- _Given data_
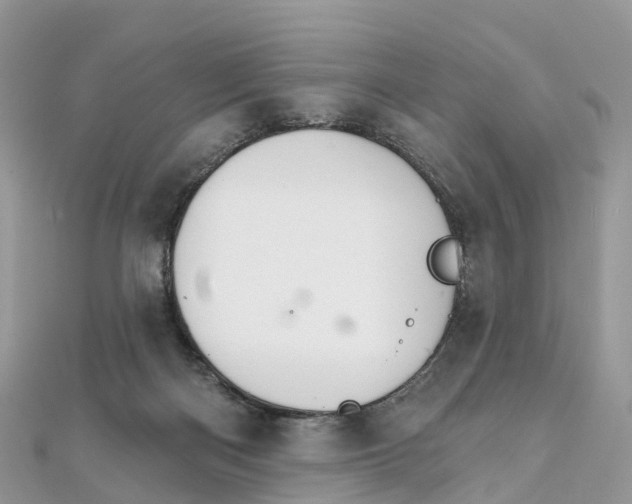 X0000111510122200908111317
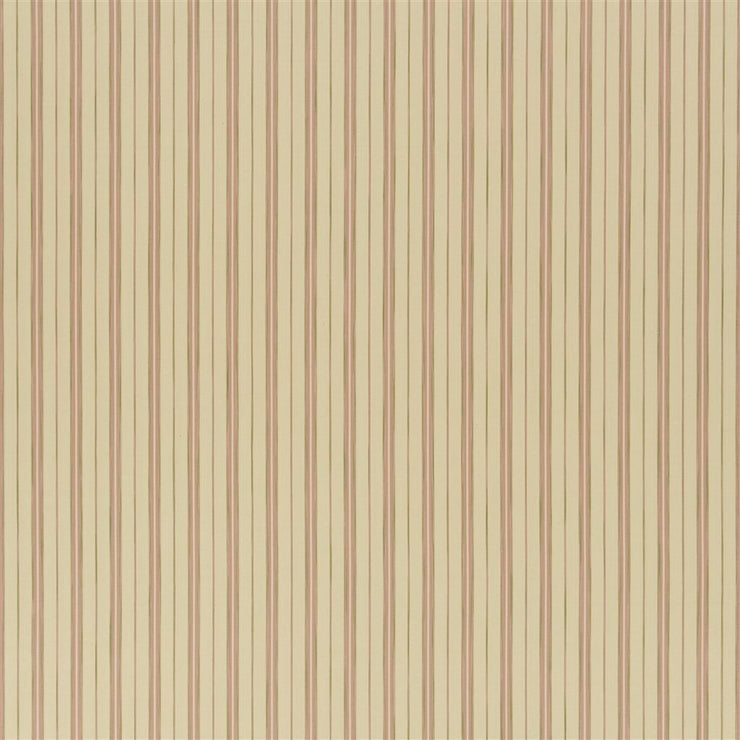 Cedar Point Stripe(f) - Shell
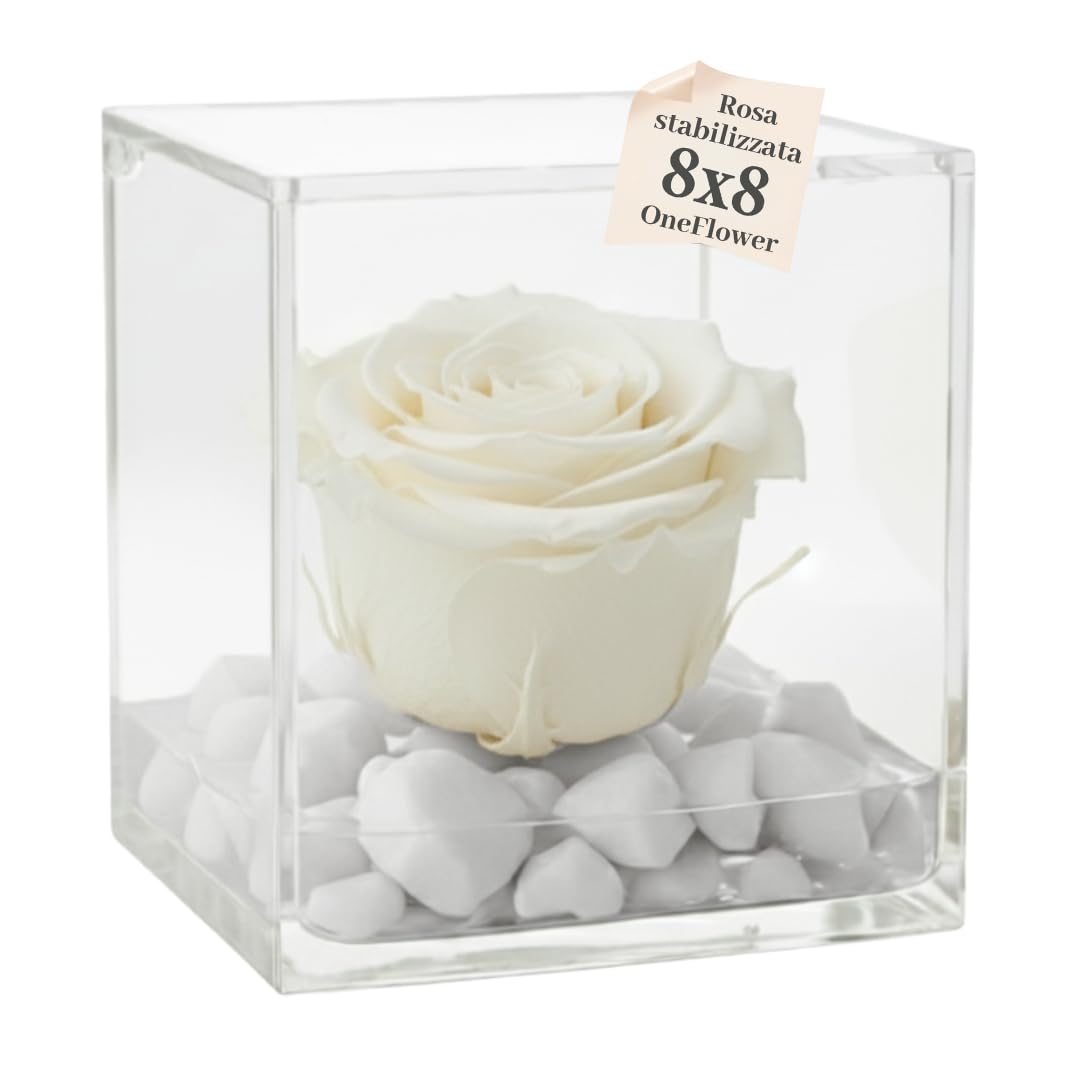 Premium-Rose.com Scented Stabilized Rose Cube - The Cube with a Real Rose that lasts even more than 5 Years 8cm White
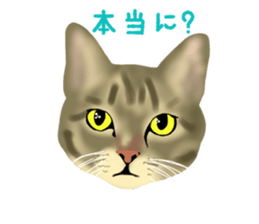 Funny cat Mozuku!! sticker #3614400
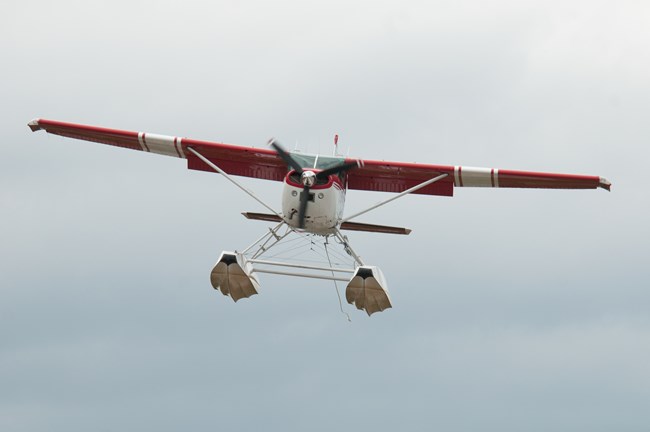NPS plane in the sky A front view of a red and white Cessna 185 aircraft on floats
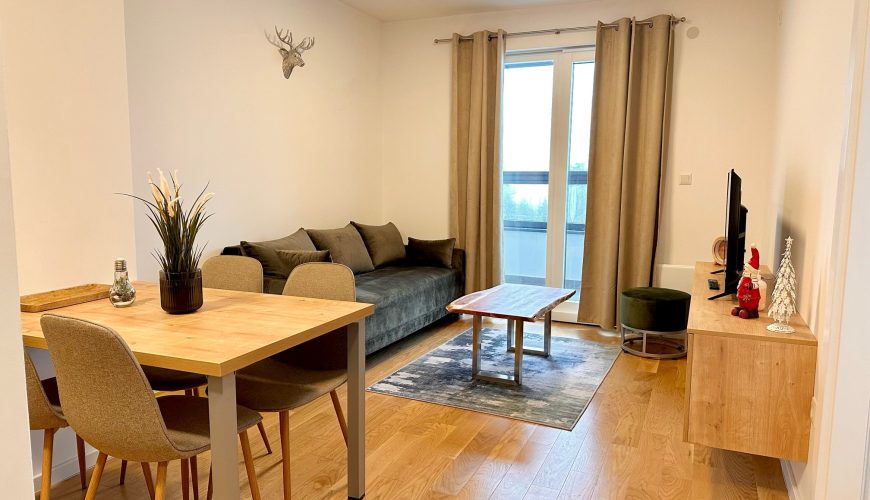 apartman a29 snjezna dolina novo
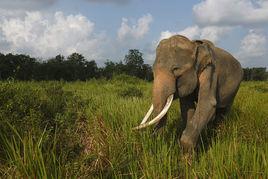 可愛的亞洲象 可愛的亞洲象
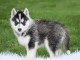 Magnifique chiots husky Sib&eacute;rien a donner contre bon soin 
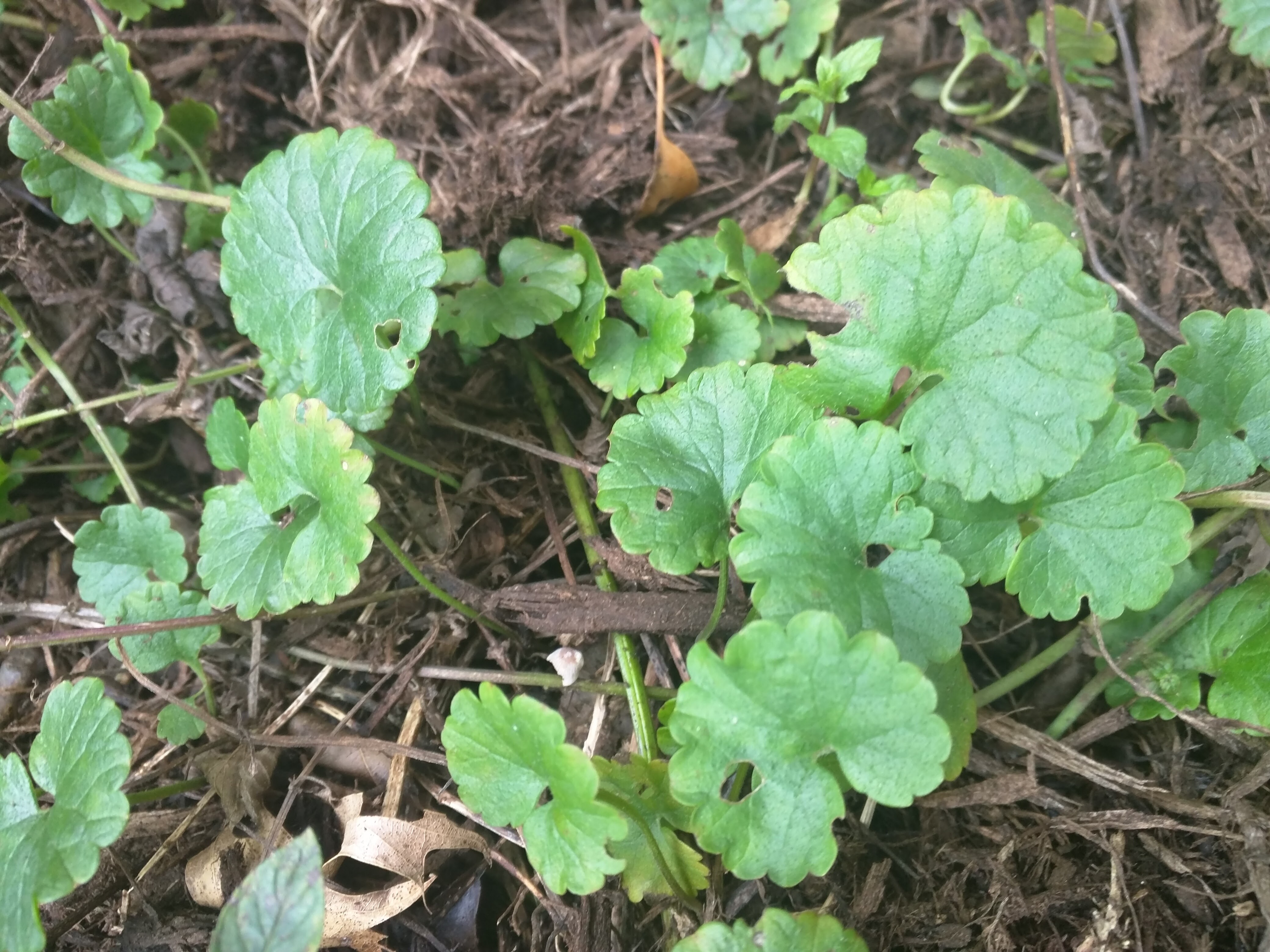 Northeastern Ohio Edible Garden Weeds The Snarky Gardener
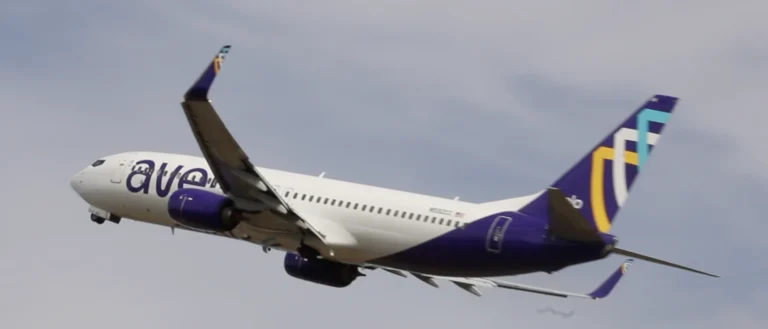 New Haven Discount Airline Needs Flight Attendant for Deportation Trips Both Domestic and Foreign: Snacks Optional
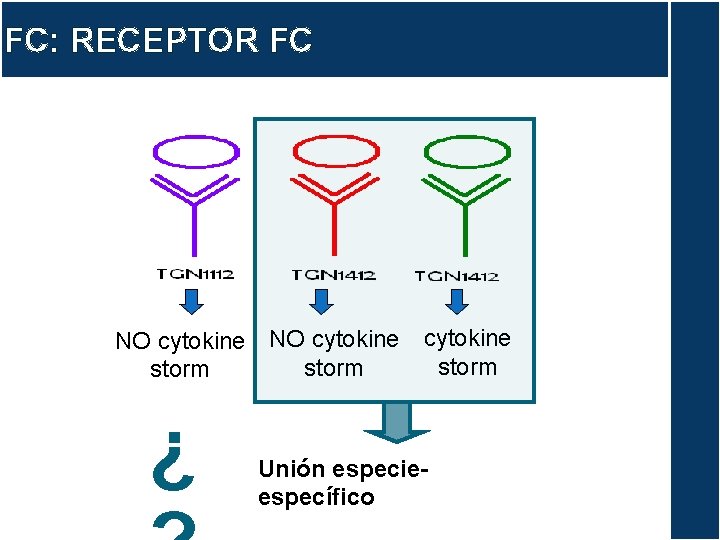 FC: RECEPTOR FC NO cytokine storm ¿ Unión especieespecífico 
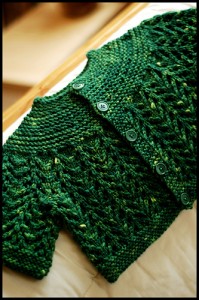 February Baby Sweater
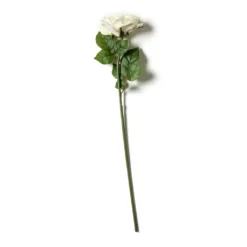 Coupon ⌛ White Rose Stem by Ashland® ⌛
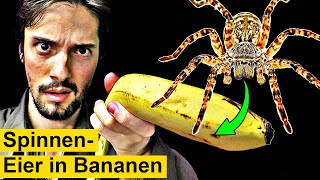 Gefährliche Spinneneier plötzlich in Bananen [upl. by Saxen289]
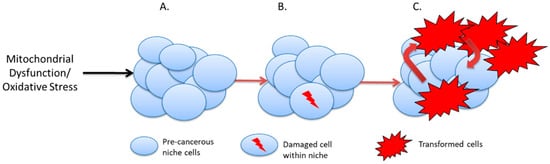 Cancers 14 01621 g002 550
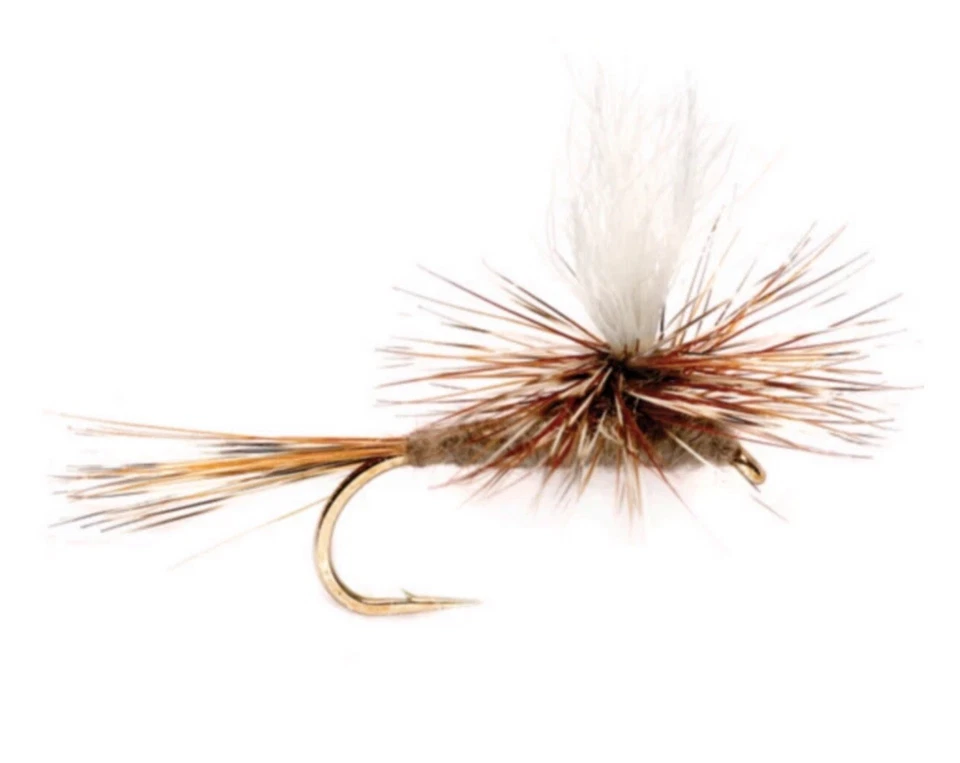 RIO Parachute Adams (Calf) Dry Fly 12 Count - Fly Fishing Size 20 - Image 2 of 4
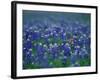 Bluebonnets, Hill Country, Texas, USA-Dee Ann Pederson-Framed Photographic Print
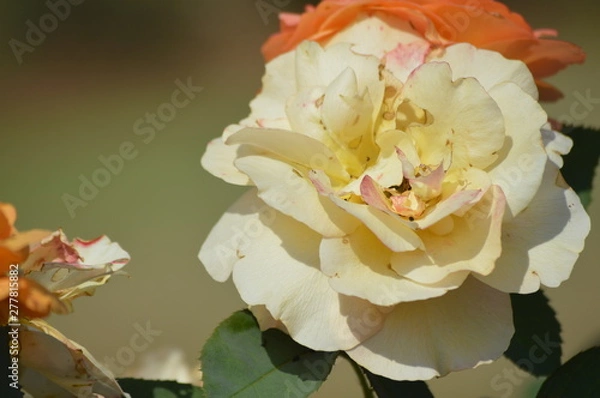 Obraz Thomasville rose garden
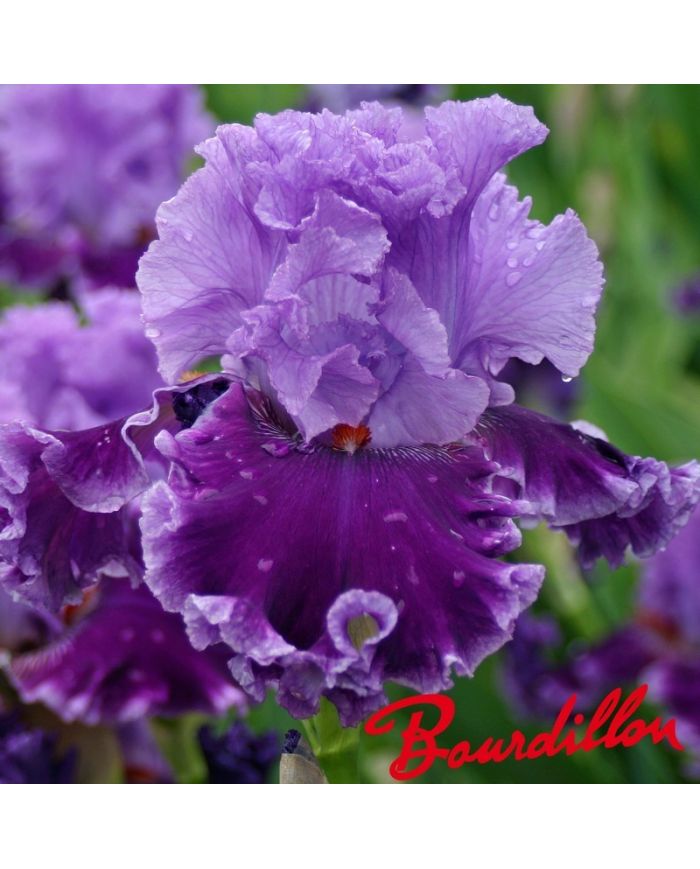 Iris : Louisa 's Song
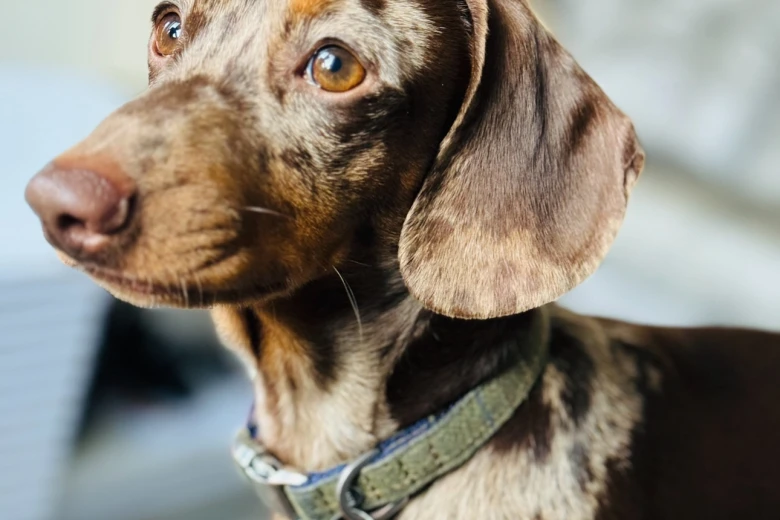 Dachshund (Smooth Haired)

- _Directions for this task_
In the entries above, find the line that contains "Cedar Point Stripe(f) - Shell" and the line that contains "Funny cat Mozuku!! sticker #3614400". Reproduce exactly those two lines and every line between them, but not the pictures.

- _Answer to this problem_
 Cedar Point Stripe(f) - Shell
 Premium-Rose.com Scented Stabilized Rose Cube - The Cube with a Real Rose that lasts even more than 5 Years 8cm White
 Funny cat Mozuku!! sticker #3614400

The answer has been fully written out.